■ **ASSIGNMENT**: Please repeat the entries below exactly as written, leaving out any images.

(Dataset records)
###
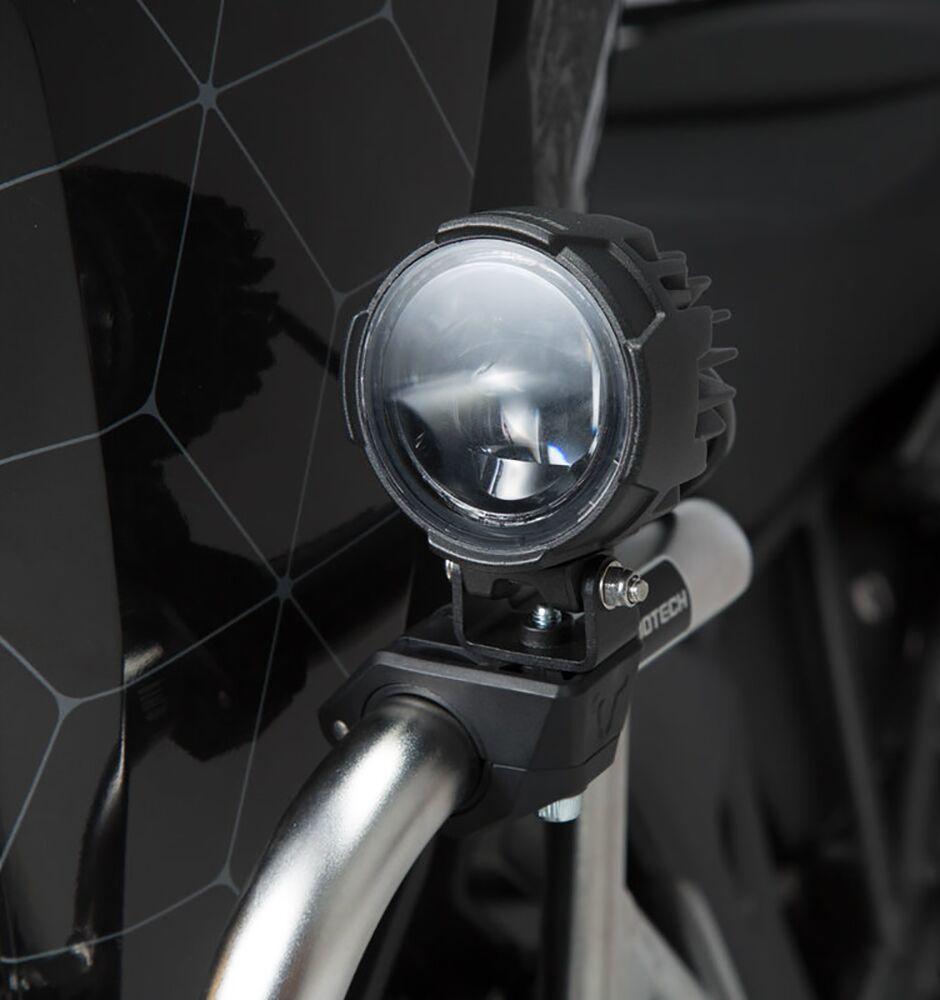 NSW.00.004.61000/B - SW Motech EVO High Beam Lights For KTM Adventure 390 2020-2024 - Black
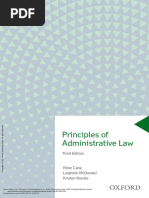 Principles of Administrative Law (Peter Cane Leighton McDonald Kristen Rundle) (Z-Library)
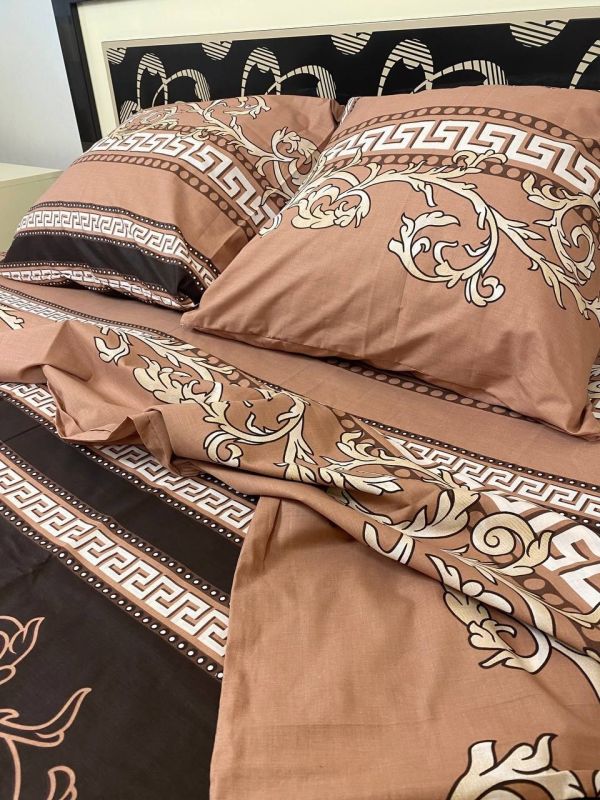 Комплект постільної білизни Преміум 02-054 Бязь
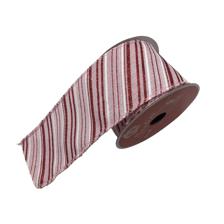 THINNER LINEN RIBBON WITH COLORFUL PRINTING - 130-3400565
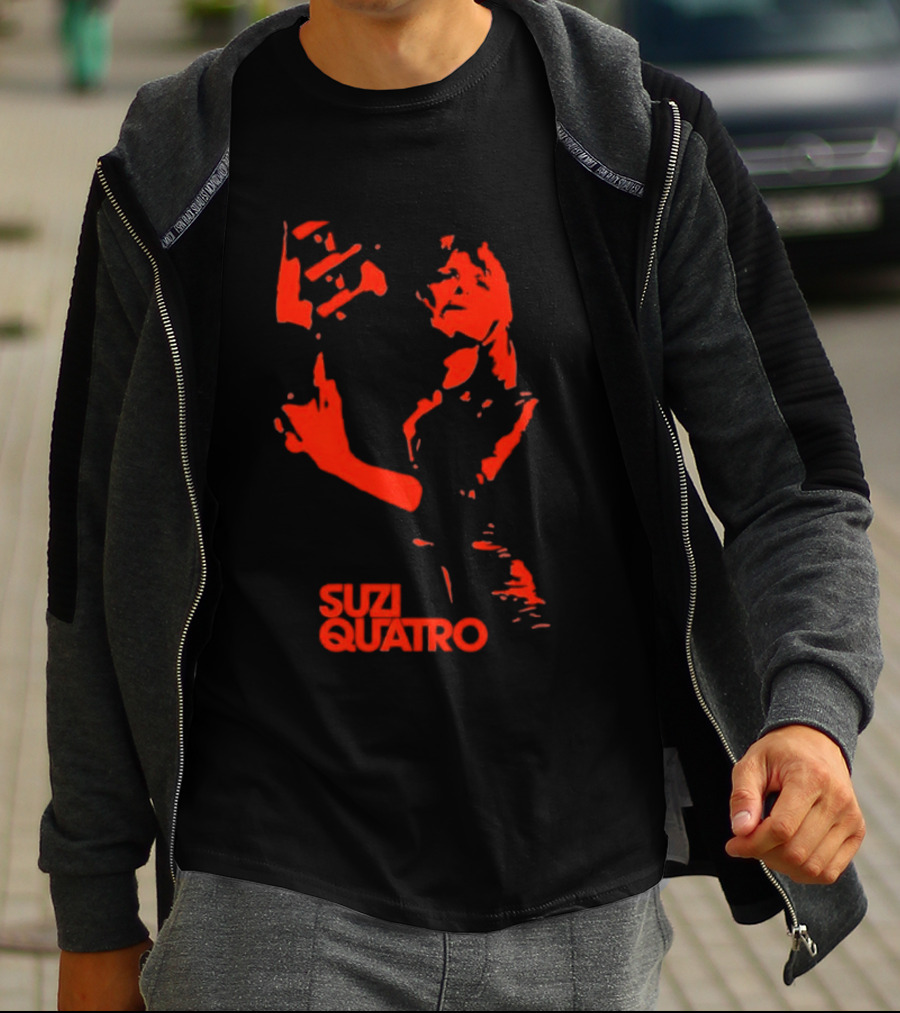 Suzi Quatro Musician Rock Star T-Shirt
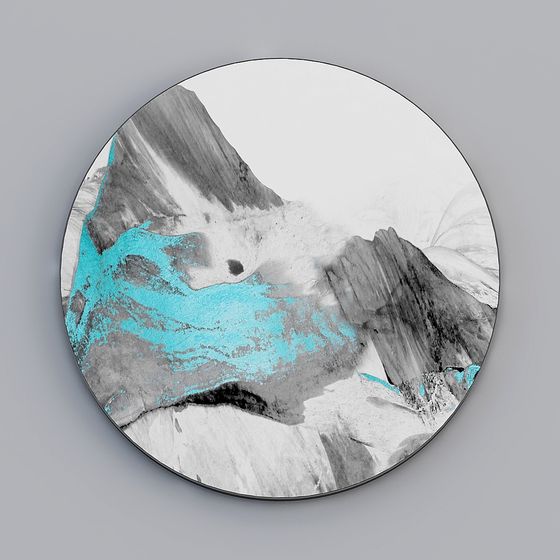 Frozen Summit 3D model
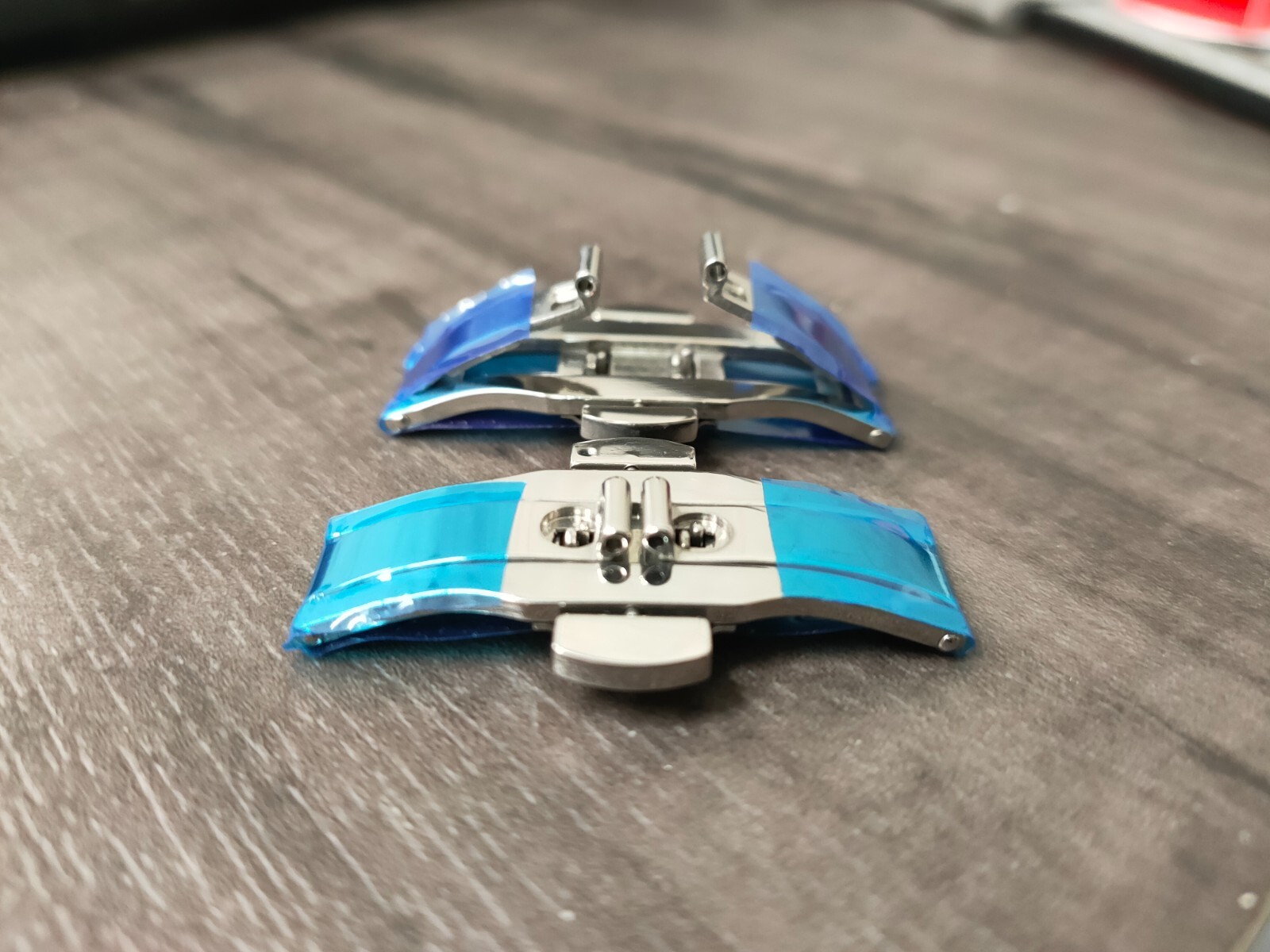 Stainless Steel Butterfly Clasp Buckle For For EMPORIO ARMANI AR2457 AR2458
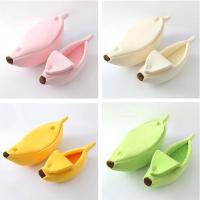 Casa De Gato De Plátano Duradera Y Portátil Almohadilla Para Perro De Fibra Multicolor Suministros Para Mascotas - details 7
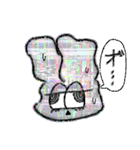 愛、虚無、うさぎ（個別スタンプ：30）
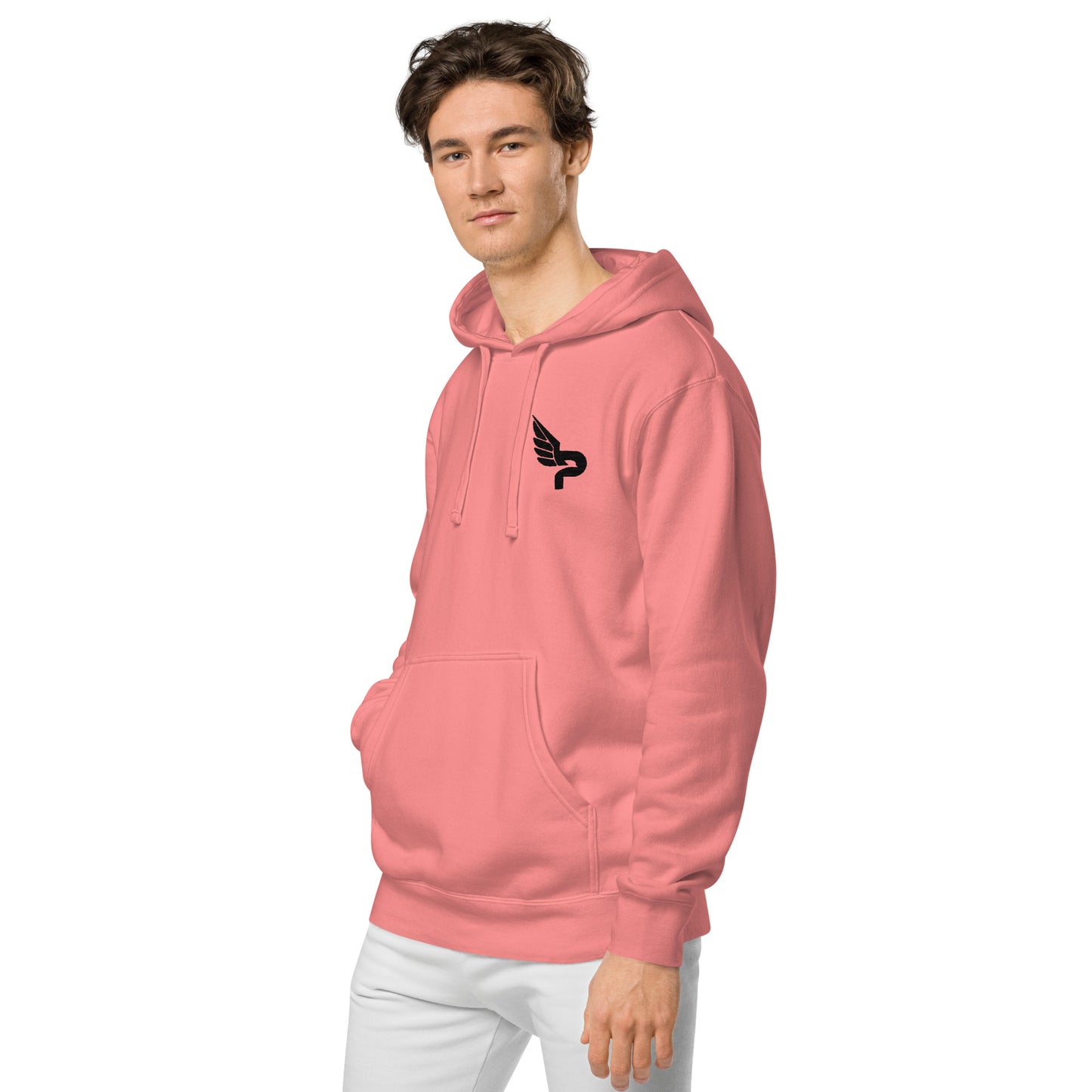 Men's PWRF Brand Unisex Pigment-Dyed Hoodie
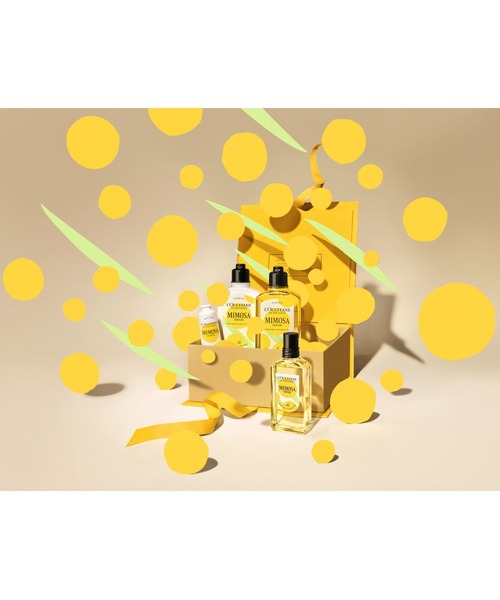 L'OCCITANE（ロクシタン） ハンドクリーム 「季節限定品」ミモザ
###
■ **RESPONSE BOX**:
 NSW.00.004.61000/B - SW Motech EVO High Beam Lights For KTM Adventure 390 2020-2024 - Black
 Principles of Administrative Law (Peter Cane Leighton McDonald Kristen Rundle) (Z-Library)
 Комплект постільної білизни Преміум 02-054 Бязь
 THINNER LINEN RIBBON WITH COLORFUL PRINTING - 130-3400565
 Suzi Quatro Musician Rock Star T-Shirt
 Frozen Summit 3D model
 Stainless Steel Butterfly Clasp Buckle For For EMPORIO ARMANI AR2457 AR2458
 Casa De Gato De Plátano Duradera Y Portátil Almohadilla Para Perro De Fibra Multicolor Suministros Para Mascotas - details 7
 愛、虚無、うさぎ（個別スタンプ：30）
 Men's PWRF Brand Unisex Pigment-Dyed Hoodie
 L'OCCITANE（ロクシタン） ハンドクリーム 「季節限定品」ミモザ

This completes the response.